Written by Soumali Ganguly
It’s been 12 years since I left Mumbai and have called Vancouver, Canada my new home. I came here by myself so finding a community has taken time, patience, and perseverance.
People have been migrating for centuries now – some for adventure, some for access to education, a specific lifestyle, or better prospects for themselves and their families. Others have been immigrating in dire situations – to seek the basic needs of safety and acceptance.
I am fortunate to be in the former bracket: I left home for a sense of adventure, and to seek better education and career prospects. Needless to say, like most immigrants leaving the comfort of home and moving to a new country has been simultaneously challenging and gratifying. There is the excitement of assimilating to a new culture, but also the struggle of navigating cultural differences. There is an uphill battle of facing loneliness, but learning to become independent and confronting everyday hardships while getting more resolute.
Immigrating and My Identity Crisis
Everyone’s lived experiences are different, but as one works to navigate this dichotomy, one often grapples with the issue of an identity crisis. If you have lived away from home for over a decade like me, you start remolding and reshaping your identity. Only after moving away from home did I understand and appreciate how much of my self-identity derived from my cultural and social roots. It is important for me to hold onto those roots, as well as hold onto the belief systems that I grew up with. Having embarked on this journey to make Canada my new home, it was imperative for me to imbibe elements of North American culture and make meaningful connections with the people around me. Over the years, I have learned that it is crucial to find the right balance while embracing the two cultures. Now, what the right balance is can only be determined by you individually.

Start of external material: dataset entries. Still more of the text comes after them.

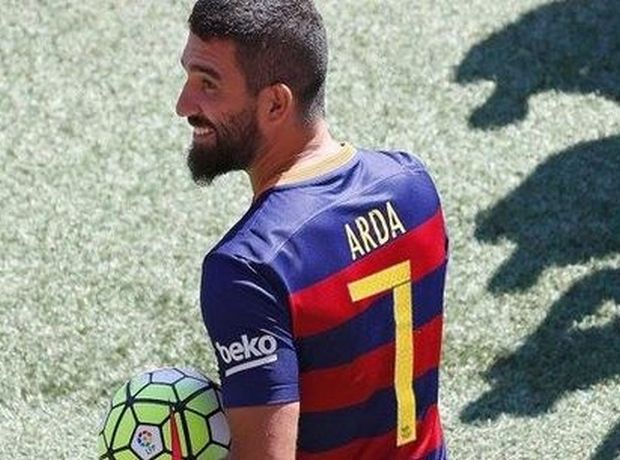 9cbaa0f8-12d0-45ad-b5e9-dcd7c0d1d05c.jpg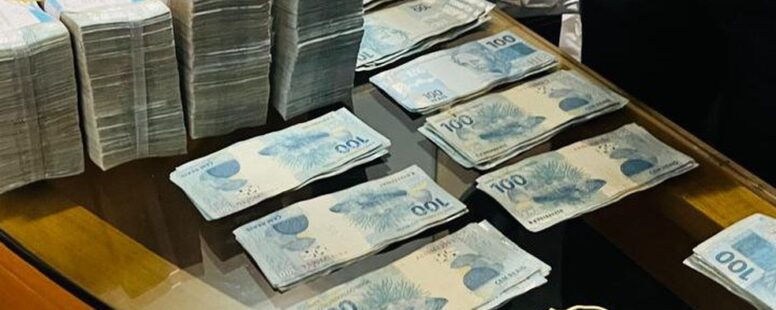 Investigação da Polícia Federal mostra que assessores dos deputados bolsonaristas Sóstenes Cavalcante e Carlos Jordy movimentaram quase R$ 30 milhões em sete anos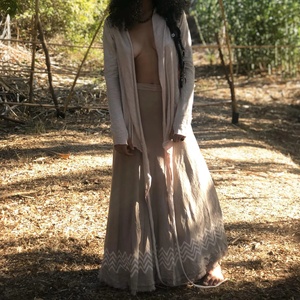 Falda Maxi Ligera de Algodón Tejida a Mano Estilo Bohemio para Mujer con Estampado Tribal y Dobladillo Deshilachado, Ideal para el Verano - Product Image 3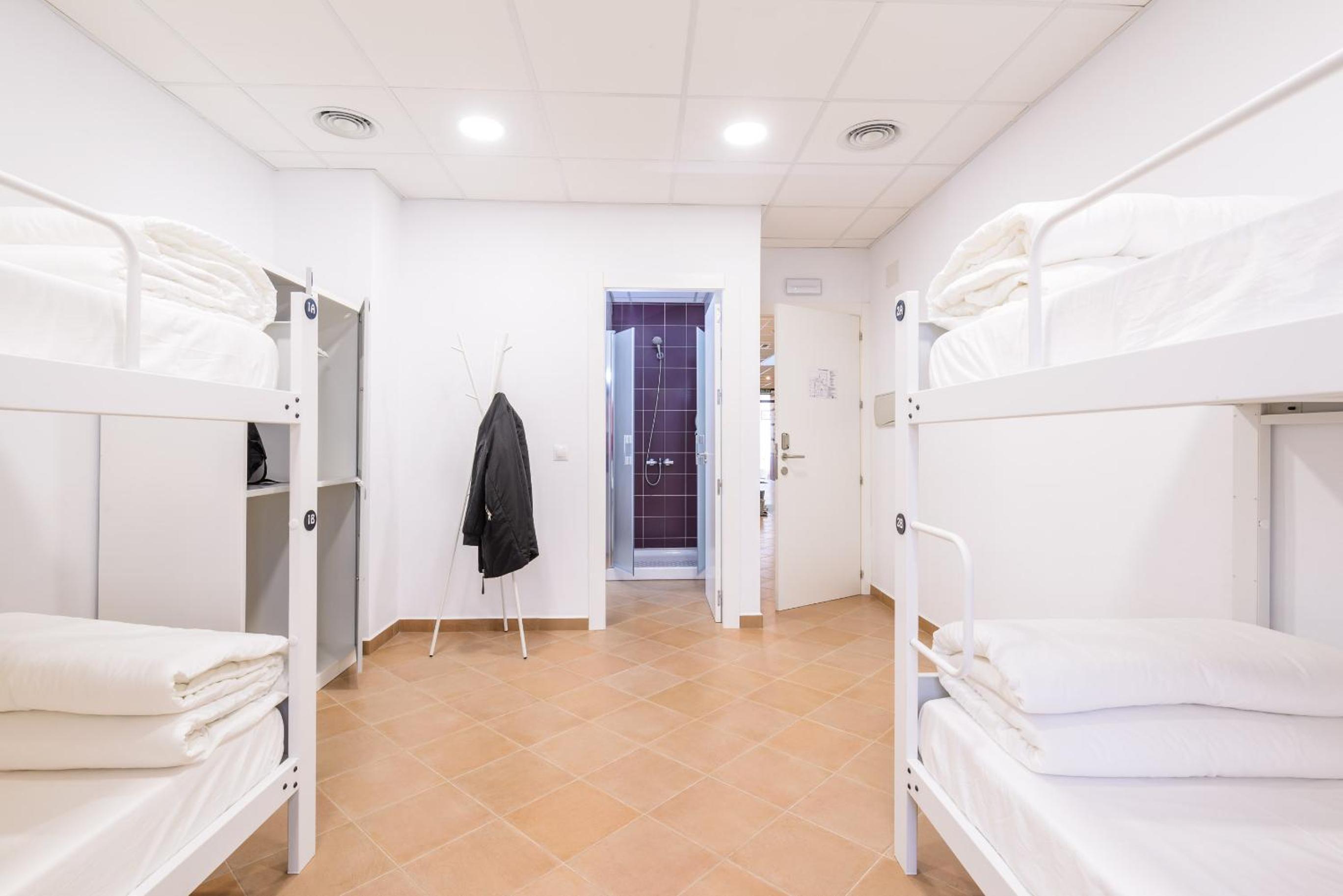 Standard Quadruple Room - Photo 5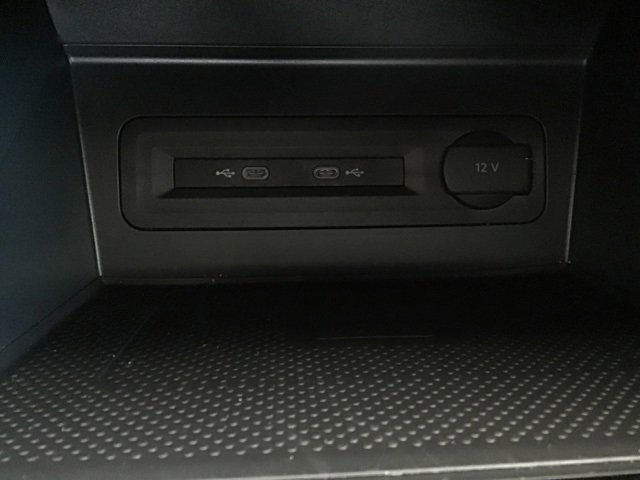 Used 2021 Volkswagen Atlas SEL Premium image 31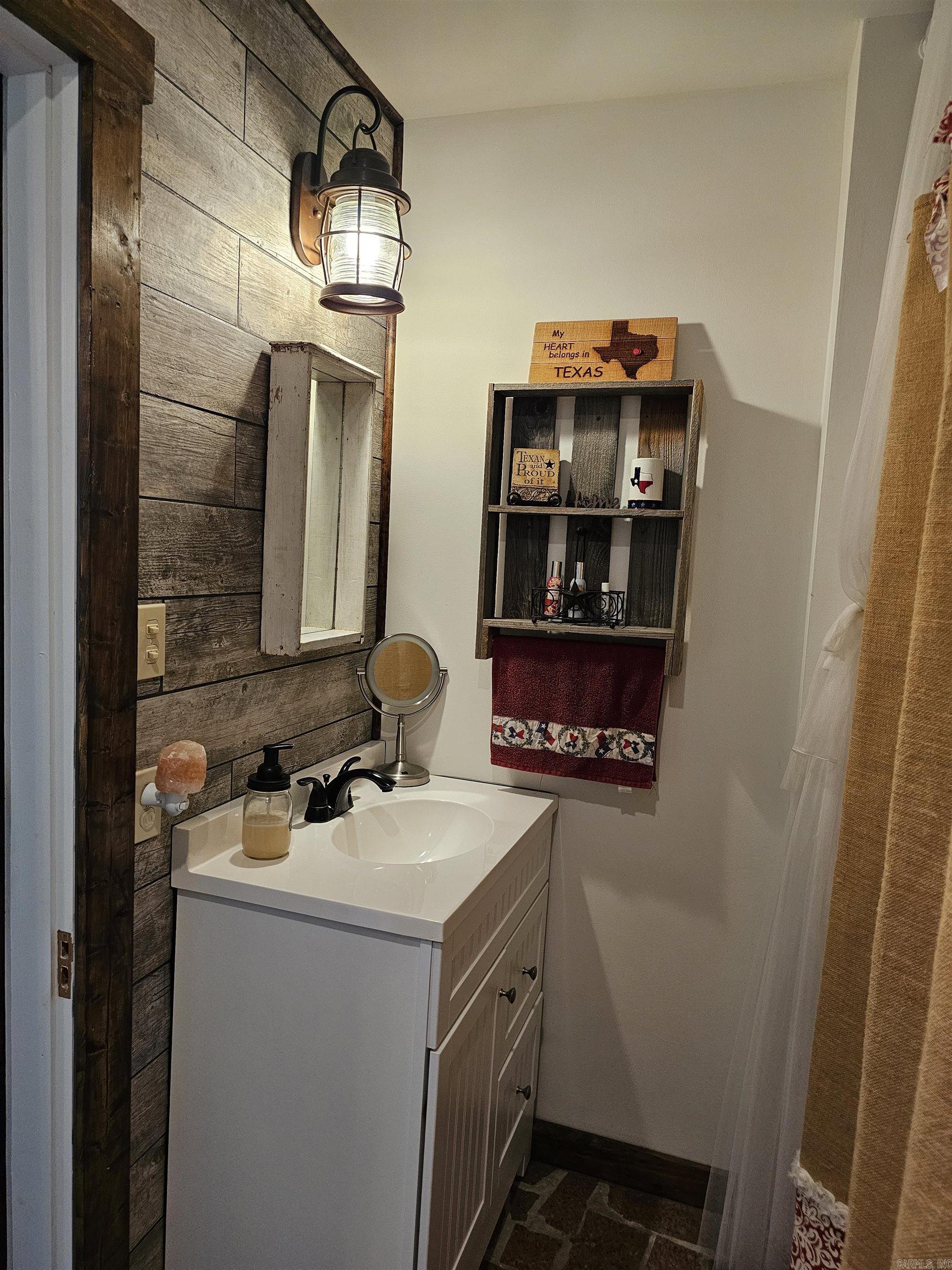 Rural Mena - Residential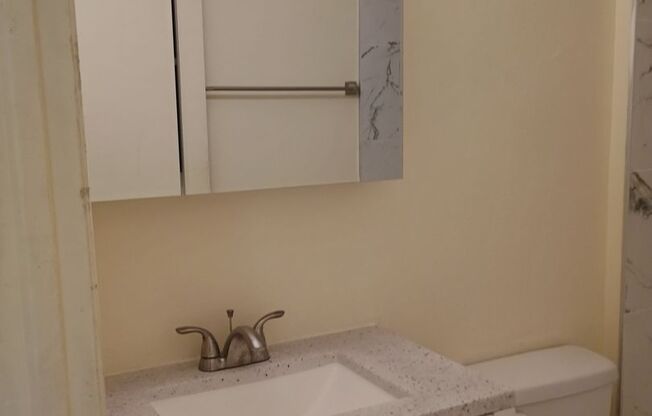 2 beds, 1 bath, $1,350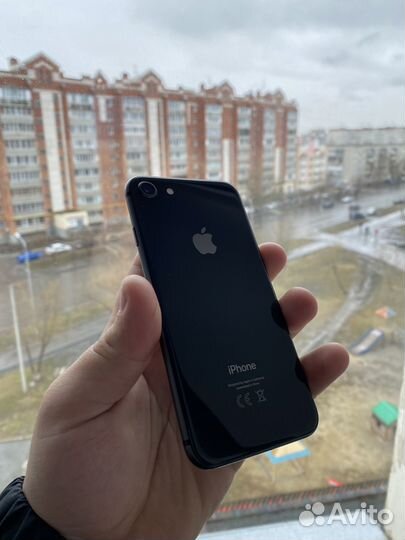 iPhone 8, 64 ГБ
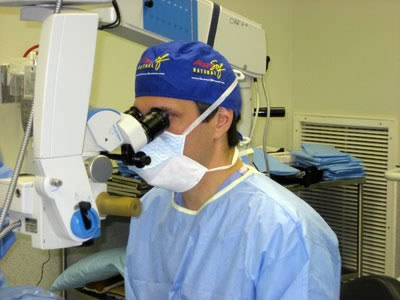 Didžiojoje Britanijoje kuriamas akimis valdomas chirurginis robotas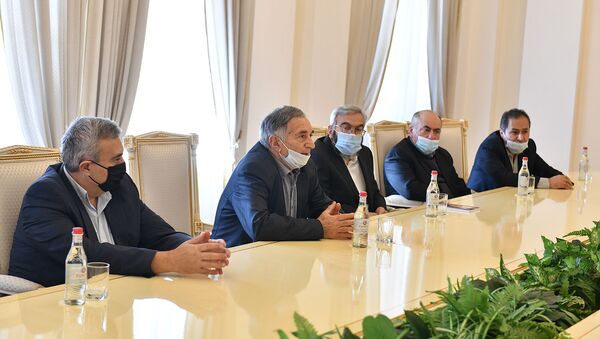 Президент Армен Саркисян сегодня встретился с героем Арцаха генерал-майором Аркадием Тер-Тадевосяном (13 ноября 2020). Еревaн - Sputnik Армения
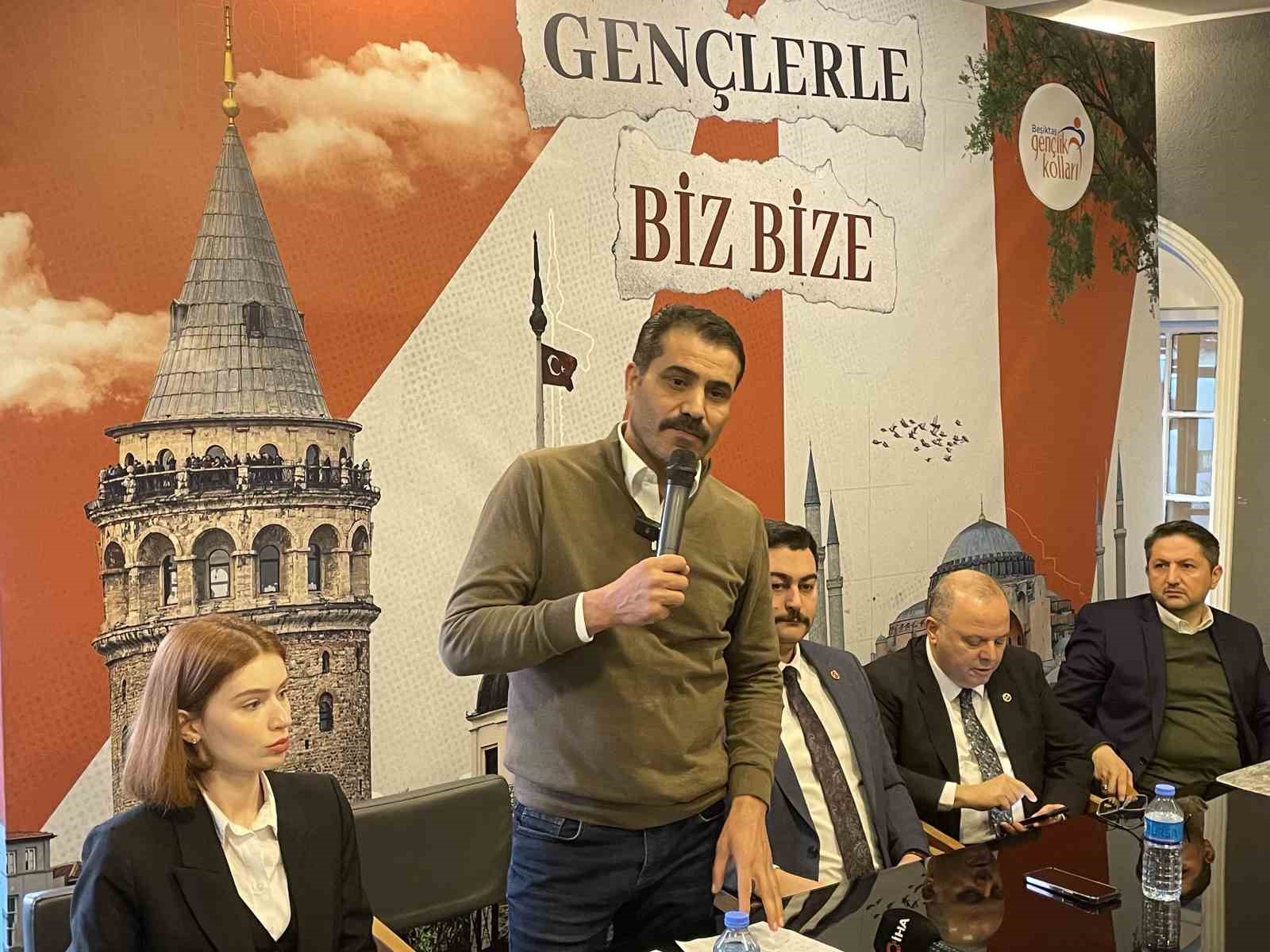 Cumhur İttifakı Beşiktaş Belediye Başkan Adayı Serkan Toper gençlerle buluştu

With that, here are some of my personal suggestions and tips that might help you find that balance:
Finding Your Community
I grew up in the vibrant city of Mumbai in India. Growing up, I was surrounded by a lush community of friends, family, and neighbors. Like India, many countries and cultures are built around large, close-knit families and communal gatherings. And moving out certainly leaves these community-shaped holes in our lives.
One perhaps feels it the most during special occasions and festivities. That familiar pang of loneliness and heartache settles in as you see pictures and posts of friends and family celebrating those cherished festivals, rituals, and food, while you go about your daily grind in the new country. Often not realizing that the occasion or holiday has crept up on us.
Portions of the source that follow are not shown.